ペンギンモドキの新種と判明 海鳥の化石、3000万年前の地層から発見

西日本新聞 北九州版 壇 知里

 北九州市小倉北区と山口県下関市の約3千万年前の地層から見つかった二つの化石が、絶滅した海鳥で通称「ペンギンモドキ」の新種の骨であると、いのちのたび博物館(八幡東区)の大橋智之学芸員らが学術誌に発表した。12月25日まで実物を展示している。

 この化石は鳥の肩と胸をつなぐ烏口骨という長さ12~16センチの骨で、1970年代に小倉北区藍島で、80年代に下関市彦島で見つかり同館が保管していた。

 化石はプロトプテルム科という鳥類で、小倉北区のものをエンペイロダイテス属オカザキイ種、下関市のものをステノルニス属カンモンエンシス種と命名した。ここ4~5年に海外で烏口骨の研究が進み、既存種との違いが証明できて新種と分かったという。

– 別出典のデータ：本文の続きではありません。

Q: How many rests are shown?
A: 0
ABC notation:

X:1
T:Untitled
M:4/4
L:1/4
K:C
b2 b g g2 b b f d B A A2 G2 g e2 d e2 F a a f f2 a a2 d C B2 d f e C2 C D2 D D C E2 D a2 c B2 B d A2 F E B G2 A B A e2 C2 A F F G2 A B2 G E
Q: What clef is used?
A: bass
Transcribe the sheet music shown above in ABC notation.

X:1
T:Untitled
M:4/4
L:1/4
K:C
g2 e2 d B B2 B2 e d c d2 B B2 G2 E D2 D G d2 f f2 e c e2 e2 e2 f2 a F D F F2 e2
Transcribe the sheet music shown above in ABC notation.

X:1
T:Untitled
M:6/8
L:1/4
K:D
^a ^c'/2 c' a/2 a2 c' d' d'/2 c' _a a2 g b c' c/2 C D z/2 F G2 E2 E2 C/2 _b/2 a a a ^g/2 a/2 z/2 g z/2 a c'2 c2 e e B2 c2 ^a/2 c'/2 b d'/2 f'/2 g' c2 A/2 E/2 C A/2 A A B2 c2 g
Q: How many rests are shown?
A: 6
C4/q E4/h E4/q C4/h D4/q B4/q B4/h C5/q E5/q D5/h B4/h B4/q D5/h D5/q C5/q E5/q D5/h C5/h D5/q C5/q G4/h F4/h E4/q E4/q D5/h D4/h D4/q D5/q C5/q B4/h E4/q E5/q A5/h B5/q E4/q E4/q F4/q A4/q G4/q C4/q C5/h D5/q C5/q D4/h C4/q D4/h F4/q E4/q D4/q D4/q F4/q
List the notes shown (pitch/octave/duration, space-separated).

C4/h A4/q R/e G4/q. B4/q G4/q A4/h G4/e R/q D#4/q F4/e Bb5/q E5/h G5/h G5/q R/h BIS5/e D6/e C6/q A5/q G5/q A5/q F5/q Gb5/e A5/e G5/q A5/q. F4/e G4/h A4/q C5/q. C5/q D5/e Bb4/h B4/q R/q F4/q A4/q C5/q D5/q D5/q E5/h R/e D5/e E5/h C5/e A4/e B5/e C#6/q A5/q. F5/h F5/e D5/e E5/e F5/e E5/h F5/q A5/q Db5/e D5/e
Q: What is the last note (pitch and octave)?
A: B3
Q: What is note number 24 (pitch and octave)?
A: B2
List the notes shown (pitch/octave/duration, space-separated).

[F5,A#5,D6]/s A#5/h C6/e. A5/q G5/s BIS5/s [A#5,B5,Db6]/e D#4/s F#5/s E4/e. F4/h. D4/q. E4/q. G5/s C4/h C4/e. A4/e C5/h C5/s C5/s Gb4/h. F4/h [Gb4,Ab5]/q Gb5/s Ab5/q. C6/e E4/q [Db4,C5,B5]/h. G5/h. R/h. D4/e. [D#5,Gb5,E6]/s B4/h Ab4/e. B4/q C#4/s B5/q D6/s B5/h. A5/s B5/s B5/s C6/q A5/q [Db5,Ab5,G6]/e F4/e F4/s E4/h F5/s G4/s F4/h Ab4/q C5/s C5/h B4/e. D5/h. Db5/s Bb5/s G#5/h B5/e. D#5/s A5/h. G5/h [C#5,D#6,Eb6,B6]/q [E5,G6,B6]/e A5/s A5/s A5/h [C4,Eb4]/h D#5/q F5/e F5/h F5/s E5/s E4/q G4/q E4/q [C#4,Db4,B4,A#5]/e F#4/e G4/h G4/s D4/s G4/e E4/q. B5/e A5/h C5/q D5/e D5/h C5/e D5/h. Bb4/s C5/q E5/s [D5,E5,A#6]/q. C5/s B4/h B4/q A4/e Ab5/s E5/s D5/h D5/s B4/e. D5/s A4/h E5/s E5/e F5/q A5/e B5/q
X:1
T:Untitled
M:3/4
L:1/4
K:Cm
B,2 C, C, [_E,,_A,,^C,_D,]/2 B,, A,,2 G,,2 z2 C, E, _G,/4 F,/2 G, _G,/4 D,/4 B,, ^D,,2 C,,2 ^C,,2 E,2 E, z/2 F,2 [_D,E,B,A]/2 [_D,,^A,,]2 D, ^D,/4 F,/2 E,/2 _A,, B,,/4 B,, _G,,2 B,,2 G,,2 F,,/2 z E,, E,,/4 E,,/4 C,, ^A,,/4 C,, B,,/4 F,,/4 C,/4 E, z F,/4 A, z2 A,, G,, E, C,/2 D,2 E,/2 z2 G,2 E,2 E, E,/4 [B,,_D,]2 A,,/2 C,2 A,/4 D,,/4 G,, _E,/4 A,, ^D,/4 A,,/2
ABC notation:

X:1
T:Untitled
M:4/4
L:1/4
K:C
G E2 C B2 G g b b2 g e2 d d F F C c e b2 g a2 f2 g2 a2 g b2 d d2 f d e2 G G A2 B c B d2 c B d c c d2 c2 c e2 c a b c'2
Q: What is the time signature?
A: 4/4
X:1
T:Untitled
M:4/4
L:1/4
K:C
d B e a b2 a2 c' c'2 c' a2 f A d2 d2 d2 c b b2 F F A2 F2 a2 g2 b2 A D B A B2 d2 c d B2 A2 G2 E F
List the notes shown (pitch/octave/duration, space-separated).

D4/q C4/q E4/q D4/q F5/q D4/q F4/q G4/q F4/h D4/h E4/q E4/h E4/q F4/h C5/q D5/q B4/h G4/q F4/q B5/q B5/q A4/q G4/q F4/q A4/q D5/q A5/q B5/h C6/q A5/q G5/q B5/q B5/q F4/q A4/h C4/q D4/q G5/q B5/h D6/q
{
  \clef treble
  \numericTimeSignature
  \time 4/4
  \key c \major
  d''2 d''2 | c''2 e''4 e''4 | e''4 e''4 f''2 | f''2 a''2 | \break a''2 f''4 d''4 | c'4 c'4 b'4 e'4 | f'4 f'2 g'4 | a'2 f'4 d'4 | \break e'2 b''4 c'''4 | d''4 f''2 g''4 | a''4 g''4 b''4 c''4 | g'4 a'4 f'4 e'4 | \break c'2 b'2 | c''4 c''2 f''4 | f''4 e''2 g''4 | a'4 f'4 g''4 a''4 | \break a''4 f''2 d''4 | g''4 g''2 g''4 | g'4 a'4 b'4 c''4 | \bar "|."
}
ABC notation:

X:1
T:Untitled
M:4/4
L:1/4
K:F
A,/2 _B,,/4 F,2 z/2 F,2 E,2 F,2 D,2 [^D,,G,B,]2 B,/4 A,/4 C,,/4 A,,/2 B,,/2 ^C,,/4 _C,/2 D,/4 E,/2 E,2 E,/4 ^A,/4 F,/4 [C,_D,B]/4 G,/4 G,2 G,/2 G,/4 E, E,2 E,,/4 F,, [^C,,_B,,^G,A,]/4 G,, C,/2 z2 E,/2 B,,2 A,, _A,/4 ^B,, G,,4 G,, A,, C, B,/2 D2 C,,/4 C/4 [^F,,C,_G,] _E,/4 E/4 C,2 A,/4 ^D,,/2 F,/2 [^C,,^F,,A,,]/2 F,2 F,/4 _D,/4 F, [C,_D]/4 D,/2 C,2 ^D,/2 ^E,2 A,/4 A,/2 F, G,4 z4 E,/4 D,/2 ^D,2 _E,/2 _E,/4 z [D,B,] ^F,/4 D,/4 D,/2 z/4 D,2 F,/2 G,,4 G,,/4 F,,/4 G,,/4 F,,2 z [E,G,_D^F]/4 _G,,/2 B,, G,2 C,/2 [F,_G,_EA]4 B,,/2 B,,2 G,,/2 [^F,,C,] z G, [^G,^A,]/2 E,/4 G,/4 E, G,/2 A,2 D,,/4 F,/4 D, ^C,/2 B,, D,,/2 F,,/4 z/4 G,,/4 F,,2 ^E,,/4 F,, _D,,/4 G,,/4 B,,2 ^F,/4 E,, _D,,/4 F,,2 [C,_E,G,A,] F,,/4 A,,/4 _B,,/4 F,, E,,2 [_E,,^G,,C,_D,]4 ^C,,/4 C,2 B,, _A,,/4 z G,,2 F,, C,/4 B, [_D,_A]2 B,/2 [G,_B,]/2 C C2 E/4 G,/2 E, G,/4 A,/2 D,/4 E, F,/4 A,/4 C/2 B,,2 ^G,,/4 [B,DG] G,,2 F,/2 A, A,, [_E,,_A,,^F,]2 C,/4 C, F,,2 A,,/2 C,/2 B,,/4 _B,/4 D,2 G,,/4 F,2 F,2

 ペンギンモドキの新種はこれまで、北米で8種、日本で3種見つかっていた。今回新たに2種見つかったことで、ペンギンモドキが北太平洋沿岸全体で多様に進化した可能性が高まったという。

 同館にはほかにも、研究がまだのペンギンモドキの骨を保管しており、大橋学芸員は「残りの骨もどこの部位か証明できれば、違う種類のペンギンモドキがいたのかも分かる。今後も研究を進めたい」と話した。

 同館ではペンギンモドギを再現したレプリカもある。入館にはウェブで事前予約が必要。入館料大人500円など。同館=093(681)1011。